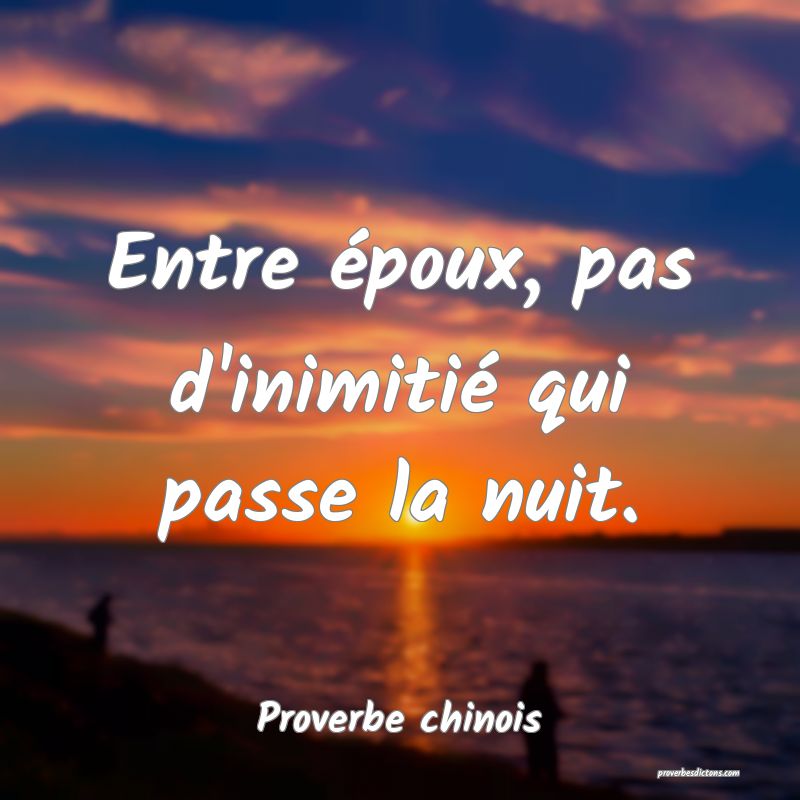 Entre époux, pas d'inimitié qui passe la nuit.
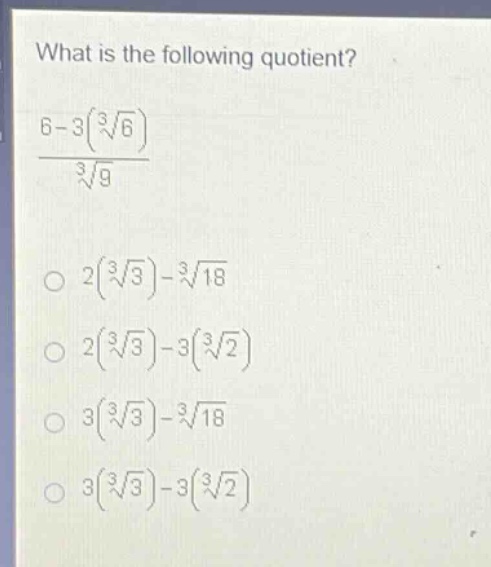 what is the following quotient?\n$\frac{6 - 3(sqrt3{6})}{sqrt3{9}}$\n$2(sqrt3{3})-sqrt3{18}$\n$2(sqrt3{3})-3(sqrt3{2})$\n$3(sqrt3{3})-sqrt3{18}$\n$3(sqrt3{3})-3(sqrt3{2})$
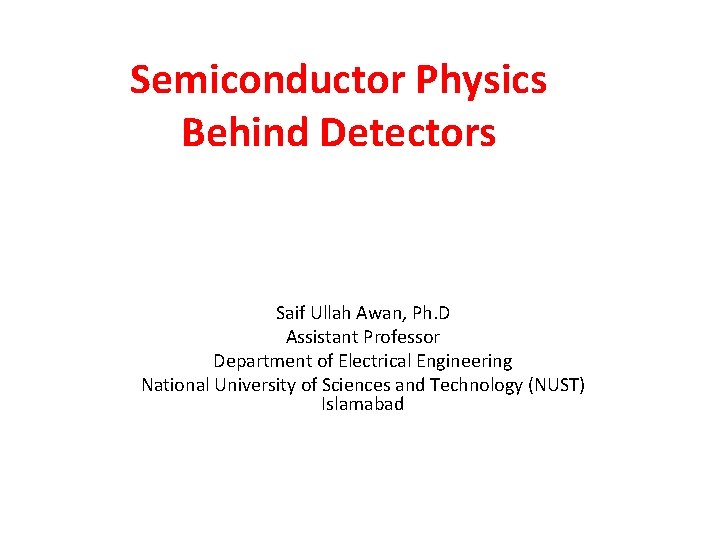 Semiconductor Physics Behind Detectors Saif Ullah Awan, Ph. D Assistant Professor Department of Electrical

········

— WORK TO BE COMPLETED —
All of the lines above should be retyped precisely, apart from the pictures.

— RESULT BELOW —
 Entre époux, pas d'inimitié qui passe la nuit.
 what is the following quotient?\n$\frac{6 - 3(sqrt3{6})}{sqrt3{9}}$\n$2(sqrt3{3})-sqrt3{18}$\n$2(sqrt3{3})-3(sqrt3{2})$\n$3(sqrt3{3})-sqrt3{18}$\n$3(sqrt3{3})-3(sqrt3{2})$
 Semiconductor Physics Behind Detectors Saif Ullah Awan, Ph. D Assistant Professor Department of Electrical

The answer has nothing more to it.